A lot of people are aware of what happens when retailers sell the latest fashion: child labor, exploitation and pollution of the environment. But I also think a lot of people don’t know what can be done to not be a part of it, or at least how to find options that are not part of a huge catch-22. Obviously, flew markets, swap meets and (online) second hand stores are a great option. But since it’s hip to wear ‘vintage’ clothes, a lot of people start making money with it. They open up store chains, sell second hand clothes at prices that are way too high, and the worst thing: they get clothes from all over the world, even countries thousands of miles away. If vintage fashion is flown or shipped in, the meaningful aspect of why we all want to wear second hand clothes gets lost, doesn’t it?
A couple of months ago Lena, the owner of the Kleiderei shop in Cologne contacted me whether I would be interested in collaborating. I heard about the concept of Kleiderei before, but wasn’t too sure what it was all about. Kleiderei was founded by two students in 2012. The concept is simple: you pay a monthly contribution to borrow 4 different garments (online or offline, the contribution is higher when ordering online as they need to pay for mailing). At the end of four weeks you give them back to the shop and you can borrow your next 4 garments. It works like a library, only for clothes. It’s possible to keep one item for a longer period or purchase it. Simple, right?

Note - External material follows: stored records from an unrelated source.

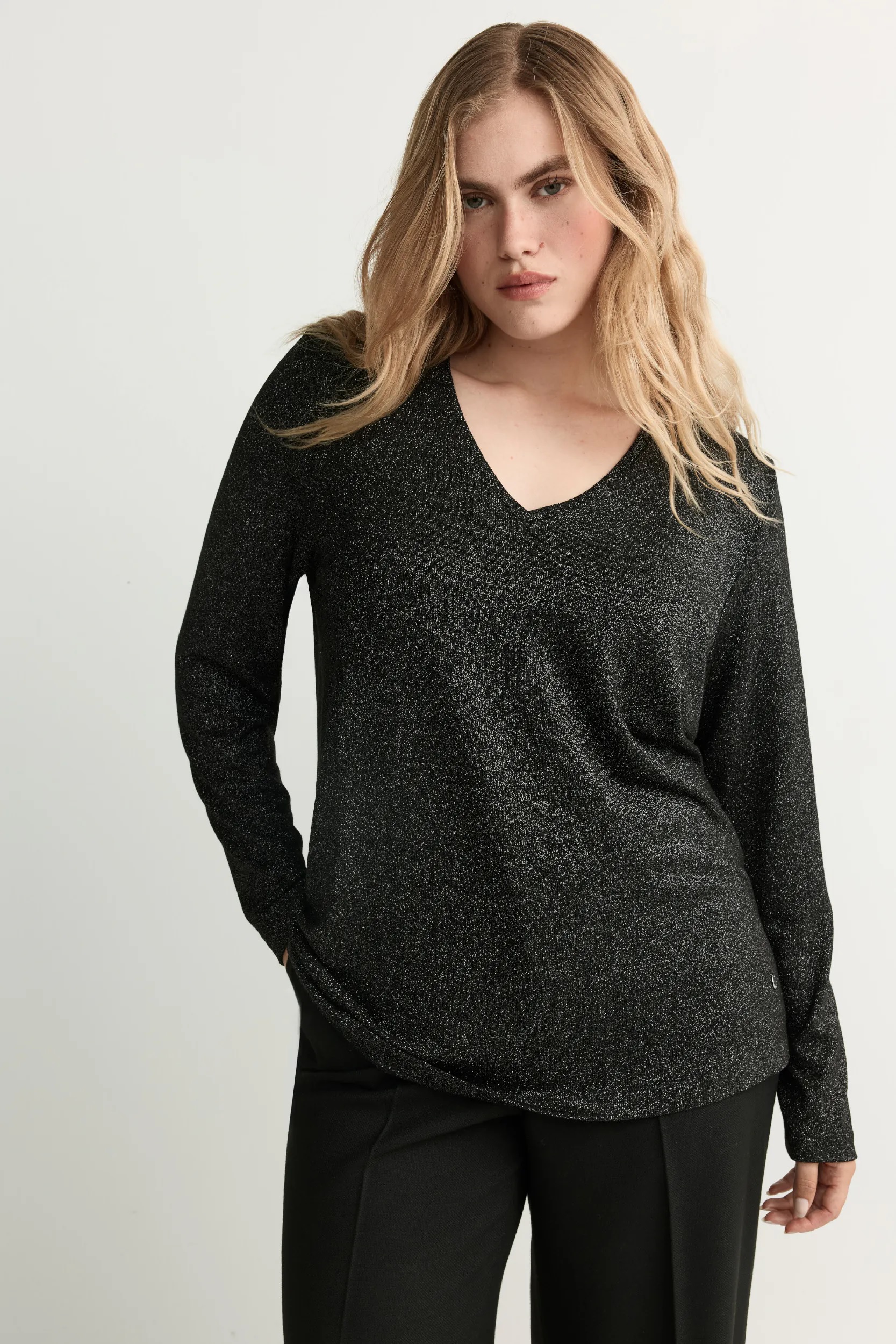 Xandres t-shirt lurex zwart XHELLAS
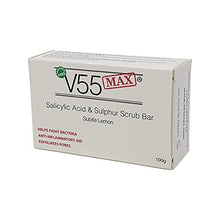 Load image into Gallery viewer, V55 MAX Salicylic Acid, Tea Tree Oil and Sulphur Soap Scrub for Spots Blackheads Milia Blemishes Problem Skin Suitable and Safe for those Prone to Acne - Paraben and Cruelty FREE - 100 grams
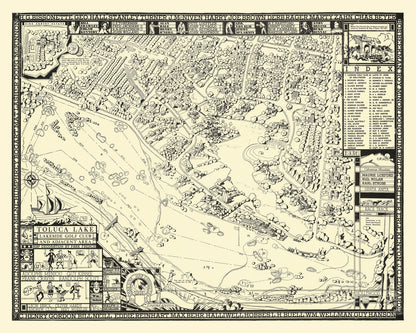 Vintage Map of Toluca Lake Lakeside Golf Course Wall Art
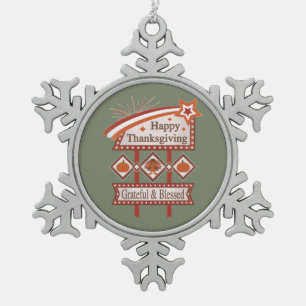 Happy Thanksgiving Grateful & Blessed Retro Sign Snowflake Pewter Christmas Ornament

Kleiderei also works with charity partners and only provides clothes which origin from donations. If you have too many clothes and want to make a contribution to local (or national) second hand shops, Kleiderei is a wonderful option! They cooperate with various foundations (e.g. Deutsche Kleiderstiftung) and as well support a charity fighting for woman rights in the fashion industry. The durability of a garment is maximized as they only use second hand clothes. That’s the most sustainable way of consuming fashion. Pretty impressive!
I can highly recommend you Kleiderei as I already lowered my consume of fashion. If there is a possibility to slow down the fashion industry and familiarize people with sustainability and eco-friendly clothing, the first step is to buy, or in this case borrow, second hand clothes. As you can see in these pictures I found super nice habiliments at Kleiderei and can only encourage you to question your consume of fashion. To be honest and keep this post as transparent as possible: I don’t have clay feet regarding this topic, I still buy clothes from retailers (even though I try to minimize that) and in the supply chain I still leave my ecological footprint. Sustainability is a huge and complex topic, there need to be changed so many things in the future, but as an individual we can still make a change. Even if it’s a small one. Same thing with consuming food, traveling and being attentive with our environment. But that’s a different topic. Start somewhere, it’s always better than nothing.